La dernière loi de programmation militaire a modifié l’article L2371-2 du Code de la Défense pour revoir l’encadrement des essais des outils de surveillance en France. En pratique, un véritable laboratoire avant déploiement de solutions opérationnelles. La CNCTR a récemment rendu son avis sur le sujet autorisant ce déploiement.

Initialement, cet article autorisait la direction générale de l’armement, service chargé de qualifier les outils de surveillance et les militaires des unités des forces armées triées sur le volet « à mettre en œuvre les mesures d'interception » aux fins « d'effectuer des essais » sur le territoire.

La prose était très peu encadrée puisque ces opérations ne faisaient l’objet d’aucun autre formalisme. Dans la version revue et corrigée en 2018, l’article a fait l’objet d’une refonte complète.

Une déclaration préalable auprès de la CNCTR

Les essais sont désormais soumis à une obligation de déclaration préalable auprès de la Commission nationale de contrôle des techniques du renseignement (CNCTR).

Ils sont en outre beaucoup plus détaillés, quoique restant très vastes : ils concernent l’accès aux données de connexion, la géolocalisation et les interceptions de sécurité par IMSI catcher (L. 851-6 et II de l'article L. 852-1), les interceptions opérées sur un réseau de communications fermé exclusivement hertzien (L. 852-2), toute la surveillance des communications internationales (L. 854-1) ou des autres échanges hertziens (L. 855-1 A).

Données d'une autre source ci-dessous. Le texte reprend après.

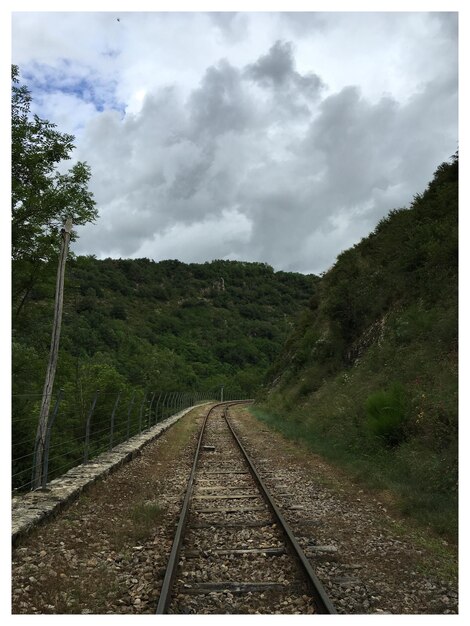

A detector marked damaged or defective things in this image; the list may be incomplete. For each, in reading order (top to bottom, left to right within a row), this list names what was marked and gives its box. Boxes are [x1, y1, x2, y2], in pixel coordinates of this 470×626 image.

rusty railroad track [156, 402, 336, 612] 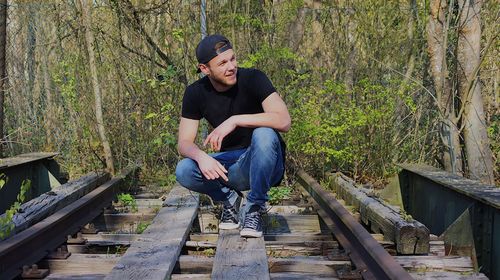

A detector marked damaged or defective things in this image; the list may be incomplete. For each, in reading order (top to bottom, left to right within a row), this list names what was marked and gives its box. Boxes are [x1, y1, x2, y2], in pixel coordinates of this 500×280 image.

rusty rail [298, 171, 412, 280]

Plusieurs garanties sont maintenant prévues. Les données glanées par des agents individuellement désignés et habilités peuvent être conservées, mais seulement pour la durée de ces essais. Cette dernière n’est pas fixée par le législateur, puisque dépendant de chaque technique et résultat. Ces informations doivent ensuite être détruites au plus tard une fois ces tests terminés. 

Toujours selon le nouvel article L2371-2, la CNCTR doit également être « informée du champ et de la nature » de ces essais, par le biais d’un registre des opérations réalisées. Document qui doit lui être communiqué sur demande.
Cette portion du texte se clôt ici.